▶ _TASK BRIEF_
Could you print the stretch of lines below from the one with "Braiding Hair 3" through the one with "Bordo Dik Yaka A Kesim Mini Elbise", exactly as they stand and without any pictures?

(SUPPLIED INFORMATION)

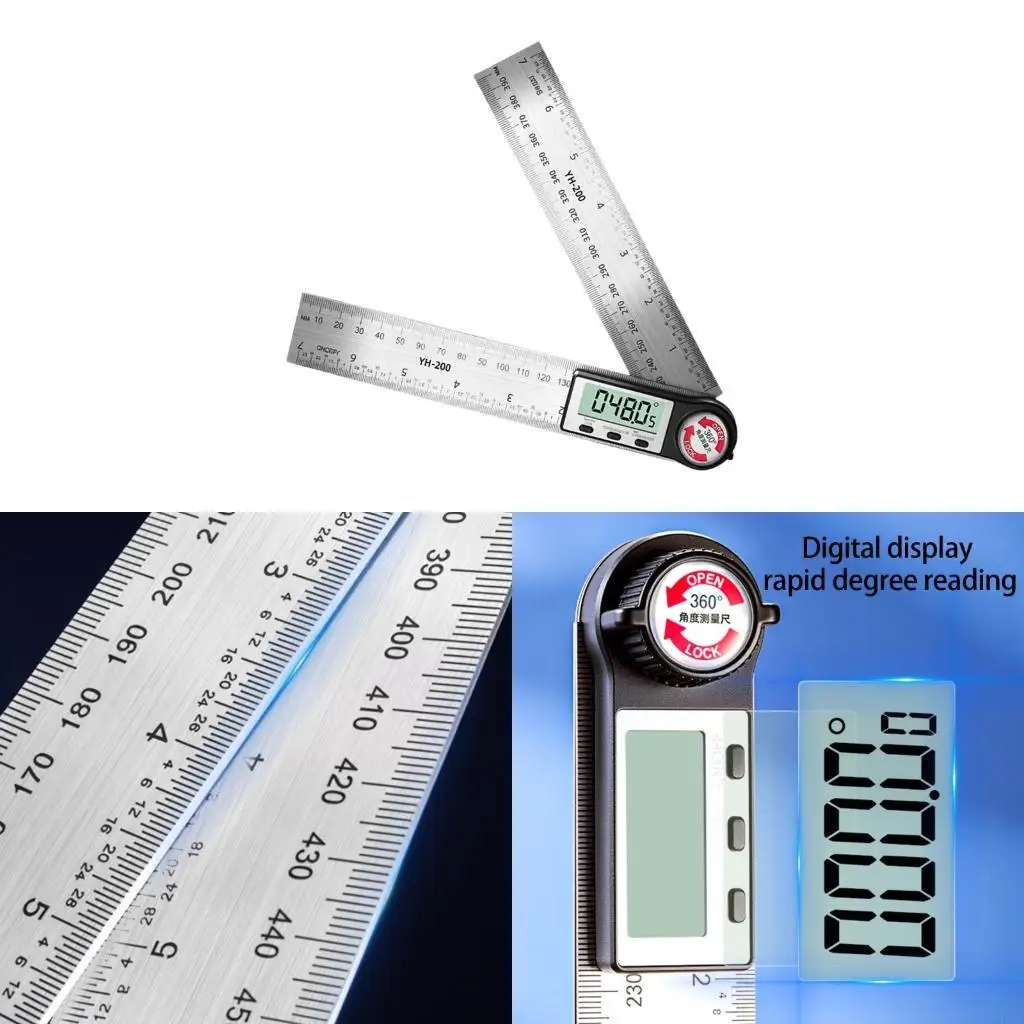 L43A Stainless Steel Digital Protractors With Measurement For Carpentry Metalworking
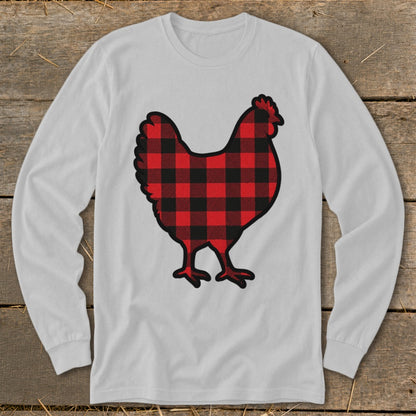 White long-sleeve shirt with a red and black buffalo plaid chicken graphic.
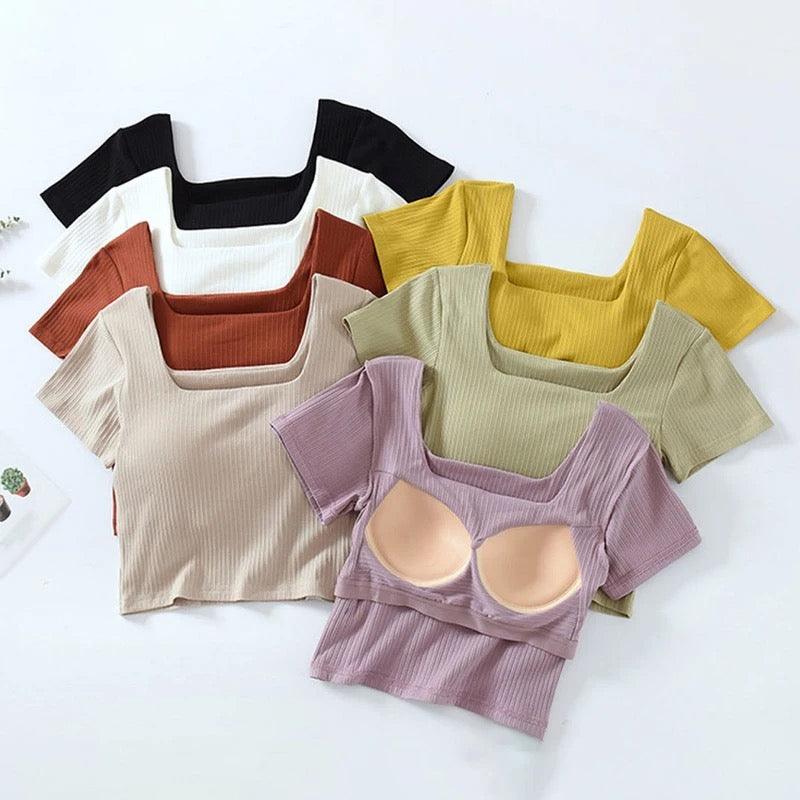 Levo Summer Tops with Inbuilt Bra In Olive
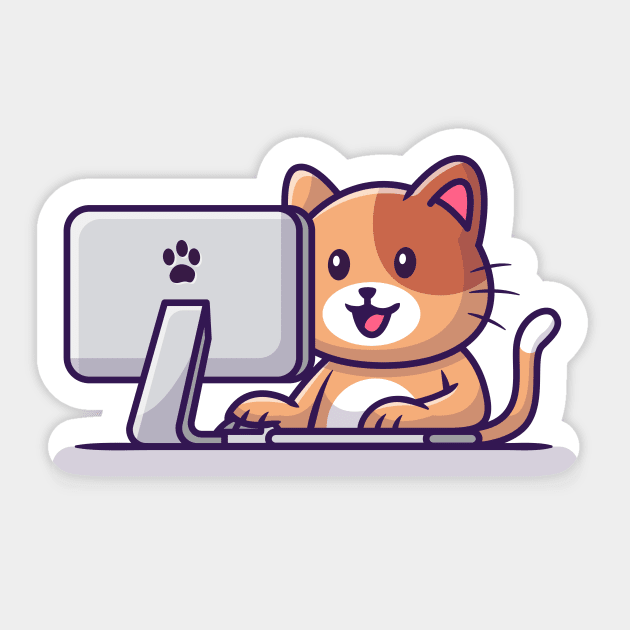 Cute Cat Operating Computer Sticker by Catalyst Labs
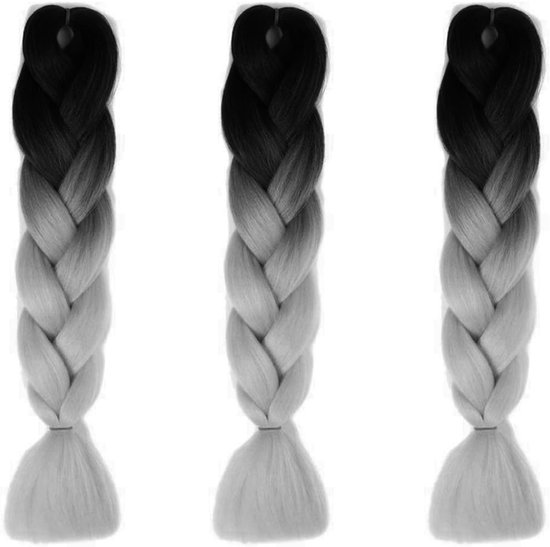 Braiding Hair 3 Stuks/Verpakking - 100 G/Stuk - 60 cm - Jumbo Vlechten - Haarverlengingen - Kanekalon Kunsthaar - Invlechten - Synthetisch Haar Voor Gehaakte Vlechten - Zwart En Grijs van Merkloos	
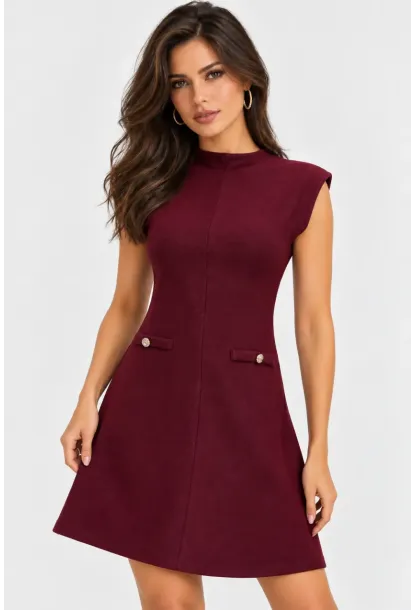Bordo Dik Yaka A Kesim Mini Elbise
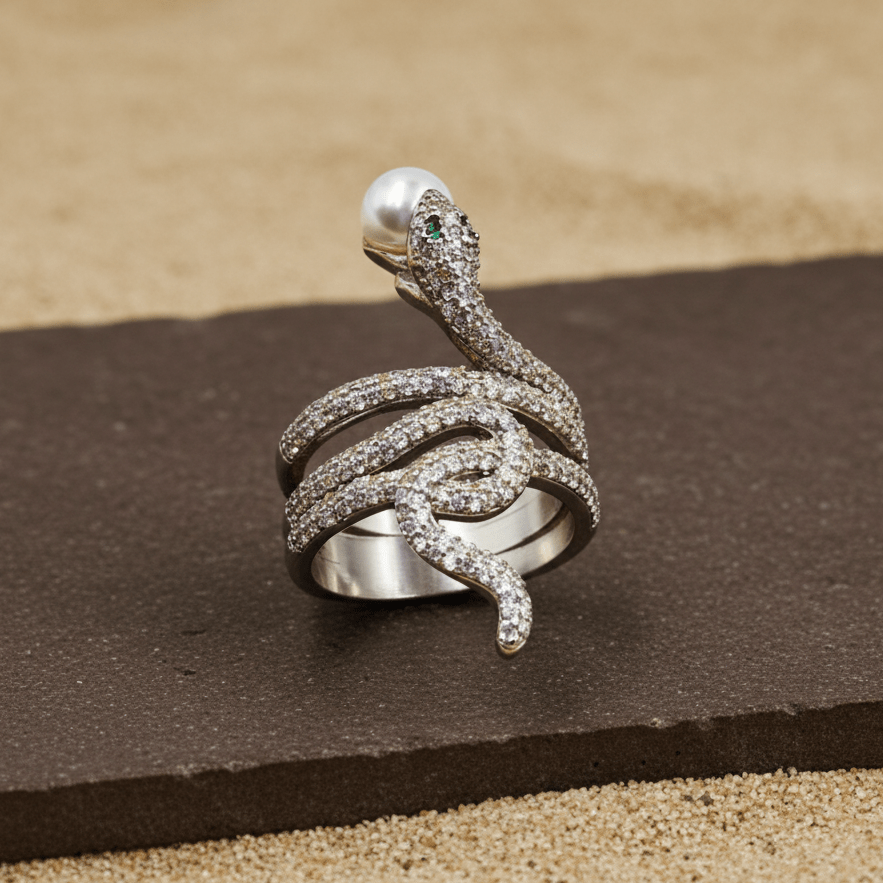 Sparkling Serpent Wrap Ring with CZ & Pearl Accent - Zirak Silver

(End SUPPLIED INFORMATION)

▶ _OUTPUT OF THE EXERCISE_
 Braiding Hair 3 Stuks/Verpakking - 100 G/Stuk - 60 cm - Jumbo Vlechten - Haarverlengingen - Kanekalon Kunsthaar - Invlechten - Synthetisch Haar Voor Gehaakte Vlechten - Zwart En Grijs van Merkloos	
Bordo Dik Yaka A Kesim Mini Elbise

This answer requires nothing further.